Assignment – Return exactly the lines from the start of the records below through the line containing "Building Photo - 3", both ends included, and leave out the pictures.

---- Data to process

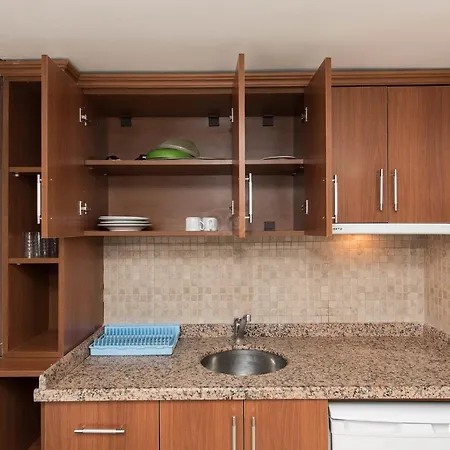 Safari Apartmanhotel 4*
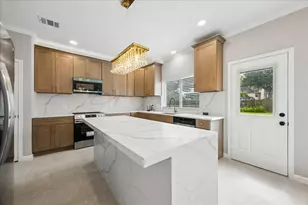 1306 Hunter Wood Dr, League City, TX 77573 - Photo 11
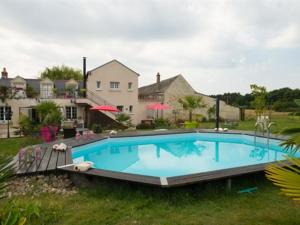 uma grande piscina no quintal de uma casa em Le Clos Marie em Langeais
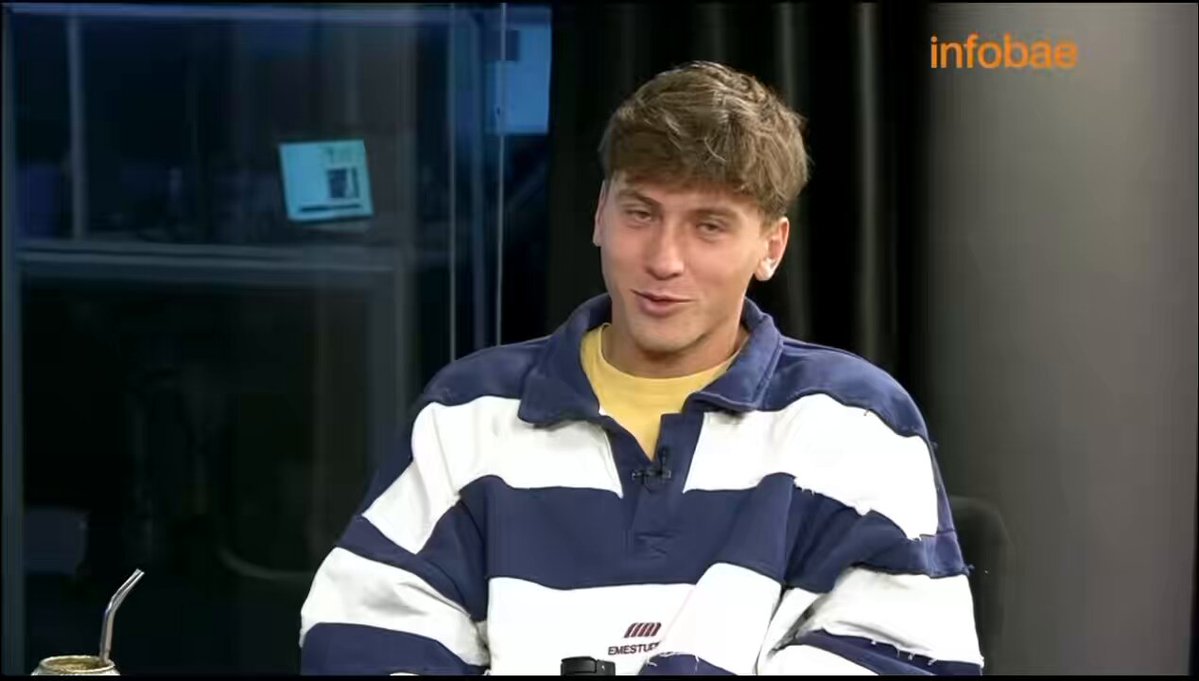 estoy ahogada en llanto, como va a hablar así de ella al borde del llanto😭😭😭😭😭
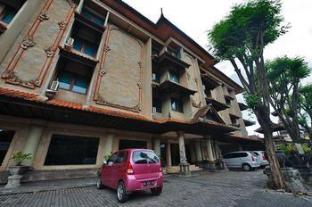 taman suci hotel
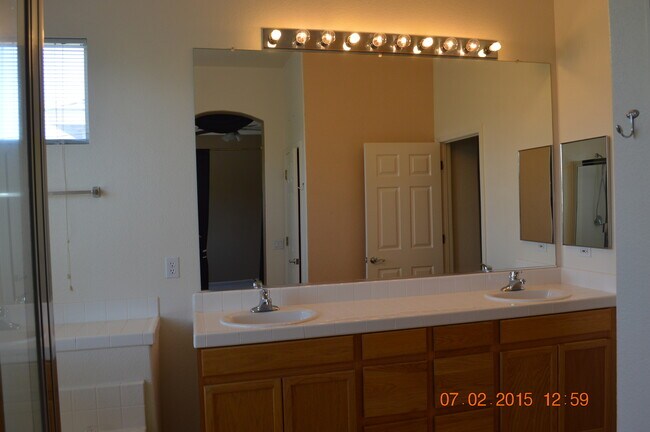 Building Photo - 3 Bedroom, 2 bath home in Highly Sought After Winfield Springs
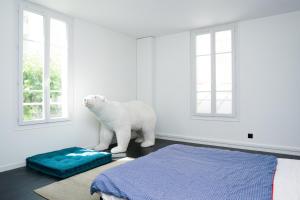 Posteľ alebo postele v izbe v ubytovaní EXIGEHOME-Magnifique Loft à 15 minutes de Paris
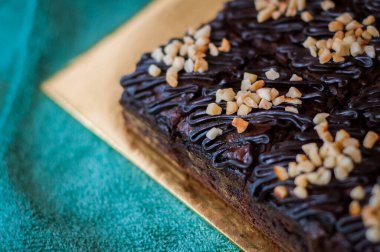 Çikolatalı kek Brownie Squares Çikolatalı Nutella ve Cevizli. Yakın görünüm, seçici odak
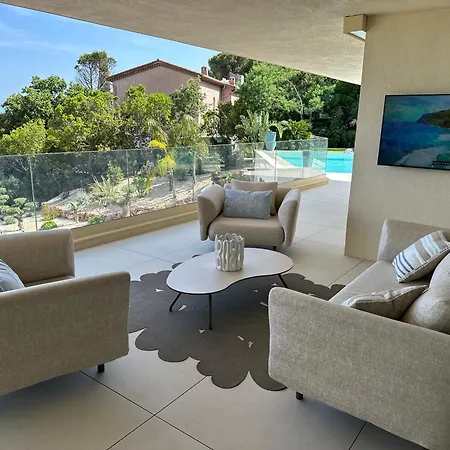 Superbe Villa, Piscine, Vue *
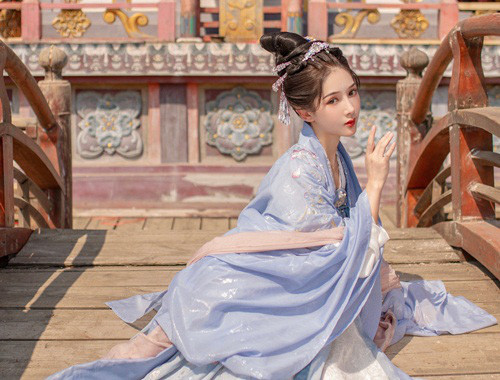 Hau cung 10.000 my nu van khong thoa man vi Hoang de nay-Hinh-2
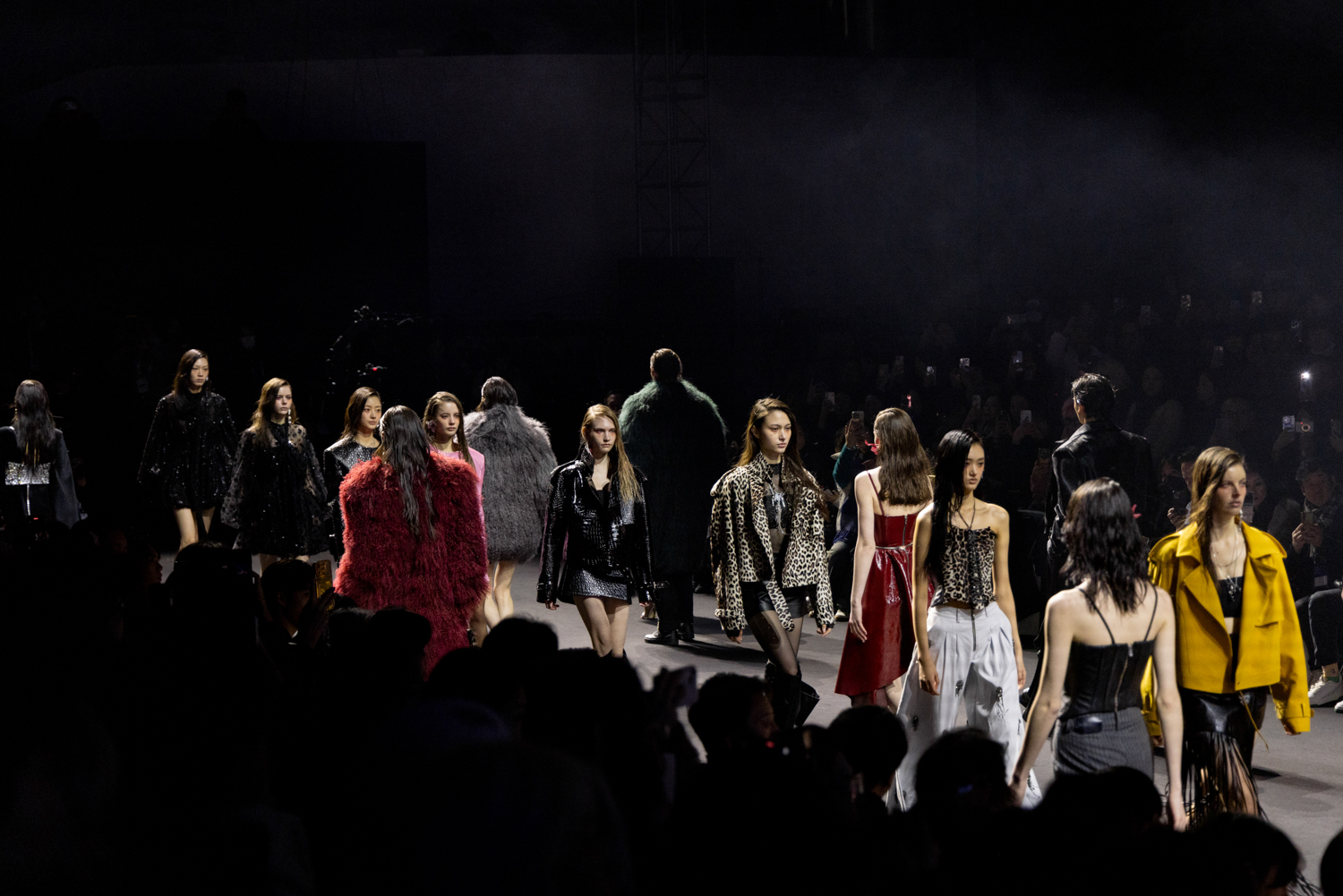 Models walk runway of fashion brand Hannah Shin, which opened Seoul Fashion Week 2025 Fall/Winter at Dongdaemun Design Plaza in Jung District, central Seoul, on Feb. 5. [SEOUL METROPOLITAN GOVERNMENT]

--------

Finished task –
 Safari Apartmanhotel 4*
 1306 Hunter Wood Dr, League City, TX 77573 - Photo 11
 uma grande piscina no quintal de uma casa em Le Clos Marie em Langeais
 estoy ahogada en llanto, como va a hablar así de ella al borde del llanto😭😭😭😭😭
 taman suci hotel
 Building Photo - 3 Bedroom, 2 bath home in Highly Sought After Winfield Springs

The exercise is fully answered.